When presented at the Douglas Hyde Gallery, New sexual lifestyles also encompassed a series of photographic prints, this time with a more pronounced local connection. The source text for the video is a panel discussion on the theme of sexual behaviour, originally published in Playboy in 1973 and featuring an array of psychologists, journalists, porn industry professionals and critics. Most of the roles are taken by Irish actors and the conversation (presented in segments on several television monitors) is inter-cut with onscreen questions, taken from the original article. The setting for the dramatisation, and the subject of the photographic series, is a modernist summer house in the Wicklow countryside, which was built for the Irish arts patron Sir Basil Goulding in 1972. Although inaccessible to the public, this space echoes certain aspects of the Douglas Hyde Gallery, hinting at a complex history of Anglo-Irish patronage of the arts. This doubled exploration of Irish modernist architecture also offers a vision of the 1970s that is totally out of synch with dominant representations of Irish society during that period. In addition, the photographic series serves to extend the exploration of desire and fantasy well beyond the arena of sexual behaviour into the realm of domestic material display and consumption.
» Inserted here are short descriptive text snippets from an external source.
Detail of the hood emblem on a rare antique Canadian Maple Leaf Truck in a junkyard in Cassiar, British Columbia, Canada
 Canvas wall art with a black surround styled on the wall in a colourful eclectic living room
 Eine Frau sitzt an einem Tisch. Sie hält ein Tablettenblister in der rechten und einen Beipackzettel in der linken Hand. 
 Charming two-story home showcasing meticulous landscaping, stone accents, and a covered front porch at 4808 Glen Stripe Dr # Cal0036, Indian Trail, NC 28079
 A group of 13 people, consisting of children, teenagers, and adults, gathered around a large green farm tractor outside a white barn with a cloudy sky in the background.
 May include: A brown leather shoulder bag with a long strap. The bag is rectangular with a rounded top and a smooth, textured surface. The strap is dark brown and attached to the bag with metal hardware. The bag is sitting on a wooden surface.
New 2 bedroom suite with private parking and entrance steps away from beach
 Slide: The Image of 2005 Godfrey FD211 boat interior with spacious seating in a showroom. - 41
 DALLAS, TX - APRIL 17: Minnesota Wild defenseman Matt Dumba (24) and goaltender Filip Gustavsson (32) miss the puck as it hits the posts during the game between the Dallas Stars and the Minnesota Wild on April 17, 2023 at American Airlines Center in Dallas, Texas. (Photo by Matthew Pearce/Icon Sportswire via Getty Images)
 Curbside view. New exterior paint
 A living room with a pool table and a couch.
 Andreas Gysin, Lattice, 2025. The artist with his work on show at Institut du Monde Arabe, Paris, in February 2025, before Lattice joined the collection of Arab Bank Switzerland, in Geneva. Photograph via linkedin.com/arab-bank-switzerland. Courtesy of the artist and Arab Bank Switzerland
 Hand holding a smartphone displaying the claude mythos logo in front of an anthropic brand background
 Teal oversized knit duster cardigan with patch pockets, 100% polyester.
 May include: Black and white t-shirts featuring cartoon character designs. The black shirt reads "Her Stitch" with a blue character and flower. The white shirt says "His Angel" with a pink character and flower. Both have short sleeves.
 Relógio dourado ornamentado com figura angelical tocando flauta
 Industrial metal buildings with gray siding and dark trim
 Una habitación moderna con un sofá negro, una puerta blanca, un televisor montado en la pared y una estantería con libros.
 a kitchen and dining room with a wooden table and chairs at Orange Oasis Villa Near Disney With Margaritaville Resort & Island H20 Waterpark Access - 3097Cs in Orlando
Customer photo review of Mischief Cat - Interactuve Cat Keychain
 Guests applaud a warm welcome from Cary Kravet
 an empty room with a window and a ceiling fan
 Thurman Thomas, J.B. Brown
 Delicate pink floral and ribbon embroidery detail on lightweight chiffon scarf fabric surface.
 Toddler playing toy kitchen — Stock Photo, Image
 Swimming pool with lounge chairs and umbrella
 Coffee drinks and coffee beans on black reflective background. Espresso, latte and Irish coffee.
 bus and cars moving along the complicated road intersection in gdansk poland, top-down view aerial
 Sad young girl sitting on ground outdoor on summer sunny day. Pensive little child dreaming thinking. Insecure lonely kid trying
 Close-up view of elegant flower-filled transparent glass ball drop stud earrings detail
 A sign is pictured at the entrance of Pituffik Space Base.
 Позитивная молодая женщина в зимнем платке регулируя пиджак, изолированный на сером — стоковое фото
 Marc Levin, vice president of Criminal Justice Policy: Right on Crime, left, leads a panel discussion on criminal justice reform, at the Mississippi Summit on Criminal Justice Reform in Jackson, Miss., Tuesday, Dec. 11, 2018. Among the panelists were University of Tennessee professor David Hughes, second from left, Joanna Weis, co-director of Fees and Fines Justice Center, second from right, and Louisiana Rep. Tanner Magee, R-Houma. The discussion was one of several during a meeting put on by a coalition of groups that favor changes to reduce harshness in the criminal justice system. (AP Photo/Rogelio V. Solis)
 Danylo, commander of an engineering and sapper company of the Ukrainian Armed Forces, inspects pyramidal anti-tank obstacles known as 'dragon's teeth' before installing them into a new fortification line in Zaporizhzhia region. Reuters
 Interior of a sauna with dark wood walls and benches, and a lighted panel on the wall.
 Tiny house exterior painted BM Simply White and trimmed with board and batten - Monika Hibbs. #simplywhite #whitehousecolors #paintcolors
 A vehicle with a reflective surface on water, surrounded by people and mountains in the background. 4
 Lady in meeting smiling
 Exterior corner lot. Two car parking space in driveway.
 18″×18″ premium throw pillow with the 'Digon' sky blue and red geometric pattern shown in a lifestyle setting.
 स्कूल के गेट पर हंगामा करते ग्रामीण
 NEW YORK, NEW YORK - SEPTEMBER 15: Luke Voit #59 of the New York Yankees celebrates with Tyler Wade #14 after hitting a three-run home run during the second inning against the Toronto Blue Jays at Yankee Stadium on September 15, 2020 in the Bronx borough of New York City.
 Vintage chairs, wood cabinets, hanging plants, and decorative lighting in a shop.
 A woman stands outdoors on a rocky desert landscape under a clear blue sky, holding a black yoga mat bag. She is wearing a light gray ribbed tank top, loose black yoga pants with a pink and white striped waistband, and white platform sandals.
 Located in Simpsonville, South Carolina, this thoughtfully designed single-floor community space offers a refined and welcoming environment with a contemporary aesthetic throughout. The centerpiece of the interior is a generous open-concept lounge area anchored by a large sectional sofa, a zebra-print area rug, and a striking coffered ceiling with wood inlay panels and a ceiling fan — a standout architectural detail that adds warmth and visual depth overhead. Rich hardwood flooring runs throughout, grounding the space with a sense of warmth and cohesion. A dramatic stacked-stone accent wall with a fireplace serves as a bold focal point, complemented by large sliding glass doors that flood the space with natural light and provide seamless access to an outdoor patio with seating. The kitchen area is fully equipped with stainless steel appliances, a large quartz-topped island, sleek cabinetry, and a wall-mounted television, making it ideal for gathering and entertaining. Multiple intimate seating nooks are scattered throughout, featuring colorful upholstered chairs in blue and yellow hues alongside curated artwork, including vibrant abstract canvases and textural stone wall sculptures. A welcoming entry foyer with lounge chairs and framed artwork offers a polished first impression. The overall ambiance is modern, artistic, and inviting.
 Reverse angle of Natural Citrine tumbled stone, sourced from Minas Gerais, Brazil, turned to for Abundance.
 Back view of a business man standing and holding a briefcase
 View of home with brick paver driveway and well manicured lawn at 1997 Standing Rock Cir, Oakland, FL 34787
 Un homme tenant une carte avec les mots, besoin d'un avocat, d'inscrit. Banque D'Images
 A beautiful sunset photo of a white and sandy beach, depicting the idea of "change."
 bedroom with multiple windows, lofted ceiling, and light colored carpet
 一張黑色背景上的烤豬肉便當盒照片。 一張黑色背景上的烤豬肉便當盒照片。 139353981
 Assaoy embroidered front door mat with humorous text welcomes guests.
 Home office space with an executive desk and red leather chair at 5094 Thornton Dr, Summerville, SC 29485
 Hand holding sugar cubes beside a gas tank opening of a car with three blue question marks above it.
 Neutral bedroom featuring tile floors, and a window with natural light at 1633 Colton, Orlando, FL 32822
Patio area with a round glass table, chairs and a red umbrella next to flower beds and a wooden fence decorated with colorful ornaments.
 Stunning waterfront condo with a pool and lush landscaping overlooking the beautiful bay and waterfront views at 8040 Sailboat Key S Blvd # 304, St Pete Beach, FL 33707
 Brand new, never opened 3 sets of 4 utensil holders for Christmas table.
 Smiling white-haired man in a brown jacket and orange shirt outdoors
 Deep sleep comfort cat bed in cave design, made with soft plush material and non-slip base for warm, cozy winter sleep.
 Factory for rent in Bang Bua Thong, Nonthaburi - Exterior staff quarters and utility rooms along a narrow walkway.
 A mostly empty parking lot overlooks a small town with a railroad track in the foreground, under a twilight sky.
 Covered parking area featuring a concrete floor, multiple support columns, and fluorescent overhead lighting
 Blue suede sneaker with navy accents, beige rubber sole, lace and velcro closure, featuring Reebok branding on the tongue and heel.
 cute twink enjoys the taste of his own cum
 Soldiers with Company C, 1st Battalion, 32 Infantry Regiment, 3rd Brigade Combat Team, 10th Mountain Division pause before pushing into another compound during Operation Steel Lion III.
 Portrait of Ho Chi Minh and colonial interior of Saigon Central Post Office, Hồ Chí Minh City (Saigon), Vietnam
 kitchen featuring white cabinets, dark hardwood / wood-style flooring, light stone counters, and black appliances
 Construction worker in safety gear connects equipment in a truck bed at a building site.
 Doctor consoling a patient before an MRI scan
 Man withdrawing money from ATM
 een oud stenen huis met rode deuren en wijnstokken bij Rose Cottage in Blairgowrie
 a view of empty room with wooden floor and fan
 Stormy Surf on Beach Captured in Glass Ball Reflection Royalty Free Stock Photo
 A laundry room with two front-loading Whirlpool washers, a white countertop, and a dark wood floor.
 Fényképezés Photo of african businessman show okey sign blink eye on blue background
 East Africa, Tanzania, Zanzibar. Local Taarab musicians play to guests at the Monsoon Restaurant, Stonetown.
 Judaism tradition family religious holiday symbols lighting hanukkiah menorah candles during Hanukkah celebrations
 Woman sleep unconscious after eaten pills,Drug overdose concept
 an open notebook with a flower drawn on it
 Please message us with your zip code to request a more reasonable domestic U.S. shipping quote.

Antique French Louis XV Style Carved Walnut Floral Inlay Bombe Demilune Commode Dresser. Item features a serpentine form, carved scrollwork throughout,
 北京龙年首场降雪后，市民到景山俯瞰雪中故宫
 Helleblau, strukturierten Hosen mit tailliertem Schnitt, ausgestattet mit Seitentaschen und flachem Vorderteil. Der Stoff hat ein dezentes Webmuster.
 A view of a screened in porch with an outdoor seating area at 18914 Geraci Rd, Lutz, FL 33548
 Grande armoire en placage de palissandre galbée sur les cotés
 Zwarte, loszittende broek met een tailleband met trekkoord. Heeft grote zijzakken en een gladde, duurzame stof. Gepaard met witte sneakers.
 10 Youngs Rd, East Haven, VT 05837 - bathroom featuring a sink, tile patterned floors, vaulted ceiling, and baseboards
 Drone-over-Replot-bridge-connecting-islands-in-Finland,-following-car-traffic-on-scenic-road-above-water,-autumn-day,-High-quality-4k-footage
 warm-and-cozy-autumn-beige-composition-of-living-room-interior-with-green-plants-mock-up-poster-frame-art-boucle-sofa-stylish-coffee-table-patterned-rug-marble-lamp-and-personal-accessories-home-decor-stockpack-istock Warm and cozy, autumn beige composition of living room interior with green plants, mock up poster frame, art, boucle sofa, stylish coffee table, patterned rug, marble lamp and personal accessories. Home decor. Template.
Byrne has emphasised that, in New sexual lifestyles, the photographs
work as a dialogue with the video, on the one hand they substantiate the work contextually and spatially, and on the other they operate like out-takes, a slightly detached vision that operates at a different speed. They also serve to physically index the fact that this is a re-construction. They evidence the contemporary situation of the video.5
The photographs also underscore the 'televisual' quality of the work, which echoes both the setting and the conventions of the studio chat-show, or 'magazine' programme. Byrne has identified After Dark, Channel Four's infamous late night discussion show, as the key point of reference - perhaps because it exemplifies the obsolescence of television genres. The key issue is that television's generic categorisations are continually reformulated, so that the once risky territory of sexuality quickly becomes the mainstay of daytime programming.6
Themes of technological obsolescence are highlighted in George Baker's analysis of Byrne's work7 but Baker also addresses himself to a number of intriguing parallel issues. These include a perceived crisis within contemporary criticism, which may be linked to the prevalence of moving-image practice within contemporary art. He develops an expansive argument, concerning the status of narrative and abstraction in 'post-modern' culture and art, through reference to Byrne's practice and (less directly) recent debates around the projected image, in October. It is impossible, within the scope of my essay, to fully do justice to this argument, while also considering the newer works produced by Byrne, so my aim is simply to engage with Baker's text in the hope of raising issues for further discussion.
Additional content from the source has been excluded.